The world in brief

Bootleg alcohol fatal to 39 Indians

LUCKNOW, India -- At least 39 people have died and another 27 fallen sick from drinking cheap spurious liquor containing toxic methanol in several villages in northern India, officials said Saturday.

Senior police officer Ashok Kumar said 26 died in two incidents in the state of Uttar Pradesh, 190 miles east of the capital, New Delhi, while 13 others died in the neighboring state of Uttarakhand. The majority of the deaths were reported from the village of Balpur in Uttarakhand.

Kumar said victims consumed liquor during two functions Thursday night, adding that the postmortem and initial forensic reports suggested that the brew was laced with methanol.

Police have arrested eight suspected bootleggers while the provincial governments have suspended 35 officials including 12 policemen.

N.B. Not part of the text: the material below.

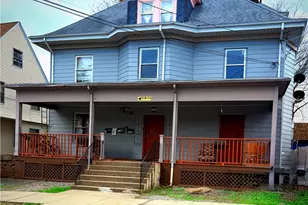 246 Sackett St, Providence, RI 02907 - Photo 3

Deaths from illegally brewed alcohol are common in India because the poor cannot afford licensed brands. Illicit liquor is cheap and often spiked with chemicals such as pesticides to increase potency.

Blizzards in China blanket villages

BEIJING -- Blizzards in Tibetan areas of western China have left thousands of head of livestock dead and roads covered in up to 18 inches of snow, state media outlets reported Saturday.

Authorities had sent veterinarians, medicine and animal feed to the hard-hit areas in Qinghai province's Yushu Tibetan area, the Xinhua News Agency reported.

Villages are above 16,400 feet and workers were seeking to clear roads to ensure the delivery of supplies, a task made more difficult by high winds and drifting snow.

The mainly ethnic Tibetan villagers depend heavily on yaks, goats and sheep for their livelihoods and to feed their families.

Harsh winters are routine in the Himalayan region that long fell within Tibet's traditional borders.

Snow also was expected in other parts of northern and central China, leading to some travel disruptions as millions of Chinese returned home after last week's Lunar New Year holiday.

Palestinian held in woman's death

JERUSALEM -- Israeli police said Saturday that they arrested a Palestinian suspect in the killing of a young Israeli woman, as thousands of people in Gaza buried two Palestinians killed by Israeli fire a day earlier in protests along the perimeter fence.

The police said Arafat Arpaya, 29, was arrested in Ramallah, the seat of the Palestinian Authority, but originally comes from the southern West Bank city of Hebron. The police did not say when the arrest took place and said the motive for the killing was still under investigation.

The stabbed body of Ori Ansbacher, 19, was found in the woods in the West Bank near Jerusalem on Thursday. She was buried Friday in the Israeli settlement of Tekoa.

In the Hamas-ruled Gaza Strip, thousands of mourners attended the funerals of the Palestinian teenagers.

The mother of 14-year-old Hassan Shalabi wailed as mourners took his body on a stretcher for a final farewell at their home in the Nusseirat refugee camp.

The two teenagers were standing 160-200 feet from the fence at separate protests when they were shot by Israeli forces, according to rights group al-Mezan.

In Gaza City, mourners buried Hamza Ishtiwi. The Health Ministry put his age at 18, but al-Mezan said he was 17.

Gaza's Hamas rulers have organized mass demonstrations along the frontier every Friday since March, in part to protest against the Israeli and Egyptian blockade on the territory imposed when the Islamic militant group seized power in 2007. Dozens of Palestinians have been killed and thousands have been wounded.